• ENTRIES PROVIDED
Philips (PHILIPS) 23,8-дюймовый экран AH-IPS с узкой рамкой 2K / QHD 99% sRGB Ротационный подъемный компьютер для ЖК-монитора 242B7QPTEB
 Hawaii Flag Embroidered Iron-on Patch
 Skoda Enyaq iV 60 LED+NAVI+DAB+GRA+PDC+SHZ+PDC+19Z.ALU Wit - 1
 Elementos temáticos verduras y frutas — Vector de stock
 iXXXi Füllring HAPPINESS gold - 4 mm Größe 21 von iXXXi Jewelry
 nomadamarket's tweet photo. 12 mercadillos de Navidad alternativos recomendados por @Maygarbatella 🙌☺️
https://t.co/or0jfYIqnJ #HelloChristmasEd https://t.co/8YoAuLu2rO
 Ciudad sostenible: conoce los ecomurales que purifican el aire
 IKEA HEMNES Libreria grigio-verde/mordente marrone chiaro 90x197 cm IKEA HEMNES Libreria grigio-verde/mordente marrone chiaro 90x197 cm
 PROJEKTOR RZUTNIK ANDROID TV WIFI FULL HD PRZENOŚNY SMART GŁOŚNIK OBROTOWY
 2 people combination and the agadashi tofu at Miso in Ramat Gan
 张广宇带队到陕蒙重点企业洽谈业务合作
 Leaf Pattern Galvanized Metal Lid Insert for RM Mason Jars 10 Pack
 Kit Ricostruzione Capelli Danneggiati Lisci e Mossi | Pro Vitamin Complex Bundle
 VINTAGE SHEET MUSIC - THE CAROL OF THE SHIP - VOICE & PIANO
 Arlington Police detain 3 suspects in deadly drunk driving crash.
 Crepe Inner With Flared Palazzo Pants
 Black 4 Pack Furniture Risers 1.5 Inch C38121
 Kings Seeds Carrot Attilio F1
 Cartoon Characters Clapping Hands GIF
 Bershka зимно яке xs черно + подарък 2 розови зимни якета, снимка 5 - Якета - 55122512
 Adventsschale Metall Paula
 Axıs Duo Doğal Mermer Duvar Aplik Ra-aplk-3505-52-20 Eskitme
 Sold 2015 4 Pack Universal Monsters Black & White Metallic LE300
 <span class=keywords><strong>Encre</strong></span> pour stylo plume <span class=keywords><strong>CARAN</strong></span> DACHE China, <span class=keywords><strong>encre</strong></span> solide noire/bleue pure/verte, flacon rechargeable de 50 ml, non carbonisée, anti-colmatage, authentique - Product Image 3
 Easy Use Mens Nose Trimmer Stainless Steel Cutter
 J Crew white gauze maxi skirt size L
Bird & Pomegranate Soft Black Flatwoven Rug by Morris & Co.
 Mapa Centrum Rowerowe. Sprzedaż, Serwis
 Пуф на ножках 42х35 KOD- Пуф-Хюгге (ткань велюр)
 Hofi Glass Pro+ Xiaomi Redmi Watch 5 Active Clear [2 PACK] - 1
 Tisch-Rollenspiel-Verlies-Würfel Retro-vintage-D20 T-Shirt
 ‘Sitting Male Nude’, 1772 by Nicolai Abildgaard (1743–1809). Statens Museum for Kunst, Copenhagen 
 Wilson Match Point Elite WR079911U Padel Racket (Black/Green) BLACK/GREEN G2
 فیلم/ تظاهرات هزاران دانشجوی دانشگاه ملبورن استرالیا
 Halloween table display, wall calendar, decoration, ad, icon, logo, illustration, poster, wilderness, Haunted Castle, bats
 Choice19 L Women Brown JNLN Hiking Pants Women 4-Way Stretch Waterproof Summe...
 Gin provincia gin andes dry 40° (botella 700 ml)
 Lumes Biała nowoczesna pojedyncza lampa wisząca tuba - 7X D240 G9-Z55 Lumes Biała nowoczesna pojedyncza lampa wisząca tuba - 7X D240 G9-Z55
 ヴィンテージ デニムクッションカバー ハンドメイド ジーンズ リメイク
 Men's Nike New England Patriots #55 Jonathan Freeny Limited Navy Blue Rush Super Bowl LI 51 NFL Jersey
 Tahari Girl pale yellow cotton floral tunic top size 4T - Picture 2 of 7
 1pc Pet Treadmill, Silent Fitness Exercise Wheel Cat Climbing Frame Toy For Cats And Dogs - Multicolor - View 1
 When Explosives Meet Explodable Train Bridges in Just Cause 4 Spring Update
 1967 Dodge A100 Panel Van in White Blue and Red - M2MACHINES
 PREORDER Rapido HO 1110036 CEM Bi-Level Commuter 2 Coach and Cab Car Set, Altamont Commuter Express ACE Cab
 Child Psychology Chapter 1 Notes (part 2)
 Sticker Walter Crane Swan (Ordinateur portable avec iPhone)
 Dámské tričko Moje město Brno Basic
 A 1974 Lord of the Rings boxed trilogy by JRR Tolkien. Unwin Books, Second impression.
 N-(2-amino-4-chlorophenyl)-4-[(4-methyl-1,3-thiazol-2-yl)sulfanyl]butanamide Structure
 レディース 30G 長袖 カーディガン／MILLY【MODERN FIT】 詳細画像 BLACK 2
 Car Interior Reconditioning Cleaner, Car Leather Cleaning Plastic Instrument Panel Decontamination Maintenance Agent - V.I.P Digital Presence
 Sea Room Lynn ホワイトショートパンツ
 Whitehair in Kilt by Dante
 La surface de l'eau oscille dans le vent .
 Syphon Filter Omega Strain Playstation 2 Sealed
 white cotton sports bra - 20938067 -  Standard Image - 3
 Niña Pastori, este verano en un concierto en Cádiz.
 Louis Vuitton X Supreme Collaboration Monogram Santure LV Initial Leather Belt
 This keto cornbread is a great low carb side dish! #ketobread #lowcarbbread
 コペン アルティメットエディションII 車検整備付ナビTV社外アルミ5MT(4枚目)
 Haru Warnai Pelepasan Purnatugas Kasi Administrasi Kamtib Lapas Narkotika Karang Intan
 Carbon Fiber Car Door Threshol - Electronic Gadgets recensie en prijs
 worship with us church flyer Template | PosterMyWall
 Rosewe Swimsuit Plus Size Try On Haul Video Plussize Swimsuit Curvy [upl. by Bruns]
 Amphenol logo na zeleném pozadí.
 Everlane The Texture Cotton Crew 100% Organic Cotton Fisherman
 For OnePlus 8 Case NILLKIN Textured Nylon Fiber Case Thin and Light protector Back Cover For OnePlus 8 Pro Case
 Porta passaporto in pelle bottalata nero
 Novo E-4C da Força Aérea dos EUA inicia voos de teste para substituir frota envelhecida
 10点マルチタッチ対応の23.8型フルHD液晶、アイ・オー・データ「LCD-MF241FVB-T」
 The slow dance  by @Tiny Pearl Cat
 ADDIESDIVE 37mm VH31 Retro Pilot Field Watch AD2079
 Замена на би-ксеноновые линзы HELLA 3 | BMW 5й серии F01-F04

• AIM OF THE TASK
Copy word for word the stretch of entries above from the line that has "Haru Warnai Pelepasan" through the line that has "Template | PosterMyWall", both ends included, and nothing outside it.

• WRITTEN RESPONSE
 Haru Warnai Pelepasan Purnatugas Kasi Administrasi Kamtib Lapas Narkotika Karang Intan
 Carbon Fiber Car Door Threshol - Electronic Gadgets recensie en prijs
 worship with us church flyer Template | PosterMyWall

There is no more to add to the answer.